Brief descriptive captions
========================
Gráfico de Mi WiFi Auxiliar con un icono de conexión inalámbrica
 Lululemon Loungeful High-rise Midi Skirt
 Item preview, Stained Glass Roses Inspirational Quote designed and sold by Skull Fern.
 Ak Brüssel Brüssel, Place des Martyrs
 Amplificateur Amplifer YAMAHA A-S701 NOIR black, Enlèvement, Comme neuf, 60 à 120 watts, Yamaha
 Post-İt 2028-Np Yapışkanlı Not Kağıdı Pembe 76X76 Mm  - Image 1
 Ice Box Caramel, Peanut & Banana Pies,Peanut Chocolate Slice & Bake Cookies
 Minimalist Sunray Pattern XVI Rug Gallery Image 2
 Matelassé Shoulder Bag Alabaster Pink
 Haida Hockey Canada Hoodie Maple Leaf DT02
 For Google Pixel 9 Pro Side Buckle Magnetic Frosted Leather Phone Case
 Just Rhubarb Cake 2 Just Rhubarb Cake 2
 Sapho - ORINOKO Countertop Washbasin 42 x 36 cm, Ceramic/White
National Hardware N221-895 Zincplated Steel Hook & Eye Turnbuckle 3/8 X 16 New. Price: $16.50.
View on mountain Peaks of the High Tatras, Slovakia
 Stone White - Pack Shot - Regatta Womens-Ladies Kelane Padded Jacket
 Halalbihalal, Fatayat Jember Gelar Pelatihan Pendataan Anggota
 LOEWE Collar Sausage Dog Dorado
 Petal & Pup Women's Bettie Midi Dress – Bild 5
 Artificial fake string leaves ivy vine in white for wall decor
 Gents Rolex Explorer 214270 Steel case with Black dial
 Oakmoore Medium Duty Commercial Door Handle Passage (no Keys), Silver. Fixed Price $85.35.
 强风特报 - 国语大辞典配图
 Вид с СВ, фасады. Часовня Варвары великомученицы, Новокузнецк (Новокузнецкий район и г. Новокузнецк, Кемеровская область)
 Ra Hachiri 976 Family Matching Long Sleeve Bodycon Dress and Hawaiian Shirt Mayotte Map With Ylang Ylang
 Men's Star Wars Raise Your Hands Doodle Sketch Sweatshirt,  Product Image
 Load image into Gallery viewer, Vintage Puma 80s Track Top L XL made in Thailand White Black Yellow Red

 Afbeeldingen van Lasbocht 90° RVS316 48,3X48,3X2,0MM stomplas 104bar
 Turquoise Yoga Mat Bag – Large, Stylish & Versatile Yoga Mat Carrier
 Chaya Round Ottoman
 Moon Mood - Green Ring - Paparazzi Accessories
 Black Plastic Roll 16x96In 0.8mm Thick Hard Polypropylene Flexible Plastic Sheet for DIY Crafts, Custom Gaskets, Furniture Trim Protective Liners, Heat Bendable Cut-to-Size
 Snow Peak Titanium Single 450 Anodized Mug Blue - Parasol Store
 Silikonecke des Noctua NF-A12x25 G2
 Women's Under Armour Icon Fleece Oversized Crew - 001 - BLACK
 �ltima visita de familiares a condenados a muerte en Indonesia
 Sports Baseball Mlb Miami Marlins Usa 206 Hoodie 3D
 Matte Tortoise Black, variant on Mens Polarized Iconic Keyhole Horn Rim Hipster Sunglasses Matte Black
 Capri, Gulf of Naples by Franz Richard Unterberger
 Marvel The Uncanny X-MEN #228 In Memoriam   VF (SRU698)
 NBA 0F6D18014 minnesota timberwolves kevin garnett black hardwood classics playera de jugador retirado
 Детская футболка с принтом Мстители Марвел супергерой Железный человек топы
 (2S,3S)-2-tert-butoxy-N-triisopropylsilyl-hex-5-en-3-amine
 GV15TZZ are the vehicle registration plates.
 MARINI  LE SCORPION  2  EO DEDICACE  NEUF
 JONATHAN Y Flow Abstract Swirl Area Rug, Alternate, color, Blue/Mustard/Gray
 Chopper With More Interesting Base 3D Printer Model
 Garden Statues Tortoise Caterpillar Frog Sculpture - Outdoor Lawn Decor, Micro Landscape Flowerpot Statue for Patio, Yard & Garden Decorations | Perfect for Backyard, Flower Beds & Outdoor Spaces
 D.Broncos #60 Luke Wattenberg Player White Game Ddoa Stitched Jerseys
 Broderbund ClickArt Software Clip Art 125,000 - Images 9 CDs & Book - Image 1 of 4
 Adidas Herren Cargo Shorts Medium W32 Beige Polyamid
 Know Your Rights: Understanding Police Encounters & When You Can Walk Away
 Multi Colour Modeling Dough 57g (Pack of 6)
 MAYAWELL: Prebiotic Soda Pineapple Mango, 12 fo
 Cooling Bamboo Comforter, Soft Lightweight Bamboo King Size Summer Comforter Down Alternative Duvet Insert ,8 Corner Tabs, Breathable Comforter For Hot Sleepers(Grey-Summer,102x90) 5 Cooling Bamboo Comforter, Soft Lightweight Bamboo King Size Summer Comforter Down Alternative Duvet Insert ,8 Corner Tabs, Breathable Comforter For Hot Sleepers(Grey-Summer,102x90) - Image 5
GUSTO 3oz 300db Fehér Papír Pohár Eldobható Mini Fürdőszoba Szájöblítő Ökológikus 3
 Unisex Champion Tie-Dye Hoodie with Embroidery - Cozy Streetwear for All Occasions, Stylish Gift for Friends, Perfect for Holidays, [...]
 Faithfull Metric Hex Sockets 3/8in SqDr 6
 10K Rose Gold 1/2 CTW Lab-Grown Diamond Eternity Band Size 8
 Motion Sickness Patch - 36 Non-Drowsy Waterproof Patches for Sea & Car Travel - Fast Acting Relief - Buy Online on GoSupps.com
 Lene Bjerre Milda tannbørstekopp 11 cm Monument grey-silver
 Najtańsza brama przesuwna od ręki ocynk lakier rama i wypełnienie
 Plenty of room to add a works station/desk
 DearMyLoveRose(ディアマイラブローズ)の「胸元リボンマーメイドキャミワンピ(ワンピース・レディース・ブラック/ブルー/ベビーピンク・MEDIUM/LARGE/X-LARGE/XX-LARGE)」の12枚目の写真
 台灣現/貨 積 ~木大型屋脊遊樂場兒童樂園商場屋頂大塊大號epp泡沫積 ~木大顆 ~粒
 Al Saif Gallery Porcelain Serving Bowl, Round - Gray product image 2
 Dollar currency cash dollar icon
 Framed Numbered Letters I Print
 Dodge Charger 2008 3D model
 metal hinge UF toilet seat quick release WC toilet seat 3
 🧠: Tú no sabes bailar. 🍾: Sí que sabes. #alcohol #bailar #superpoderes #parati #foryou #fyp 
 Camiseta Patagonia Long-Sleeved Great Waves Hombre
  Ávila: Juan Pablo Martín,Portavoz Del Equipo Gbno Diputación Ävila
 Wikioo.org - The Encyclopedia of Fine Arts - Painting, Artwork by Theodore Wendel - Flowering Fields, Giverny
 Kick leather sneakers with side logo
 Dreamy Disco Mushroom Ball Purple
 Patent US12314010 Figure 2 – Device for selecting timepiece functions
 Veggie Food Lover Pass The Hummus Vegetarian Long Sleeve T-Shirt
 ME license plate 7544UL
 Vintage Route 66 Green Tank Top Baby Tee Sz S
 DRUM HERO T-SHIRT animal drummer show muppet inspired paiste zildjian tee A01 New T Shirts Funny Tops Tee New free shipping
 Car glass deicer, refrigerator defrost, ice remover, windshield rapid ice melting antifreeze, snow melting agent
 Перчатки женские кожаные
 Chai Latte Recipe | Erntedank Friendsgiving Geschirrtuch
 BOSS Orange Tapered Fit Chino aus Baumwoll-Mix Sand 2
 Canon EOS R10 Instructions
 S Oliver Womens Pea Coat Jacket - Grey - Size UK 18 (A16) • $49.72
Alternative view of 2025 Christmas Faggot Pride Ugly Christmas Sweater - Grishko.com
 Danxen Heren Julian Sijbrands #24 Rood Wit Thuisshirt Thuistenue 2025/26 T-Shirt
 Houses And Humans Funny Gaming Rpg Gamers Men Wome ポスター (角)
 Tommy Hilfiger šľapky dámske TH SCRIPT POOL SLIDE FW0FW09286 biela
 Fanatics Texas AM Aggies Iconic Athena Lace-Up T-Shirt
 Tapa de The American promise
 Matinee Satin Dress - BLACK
========================
- _EXERCISE_
Look for the word "Gallery". Copy out every line of the data that has it.

- _RESPONSE AREA_
 Minimalist Sunray Pattern XVI Rug Gallery Image 2
 Load image into Gallery viewer, Vintage Puma 80s Track Top L XL made in Thailand White Black Yellow Red
 Al Saif Gallery Porcelain Serving Bowl, Round - Gray product image 2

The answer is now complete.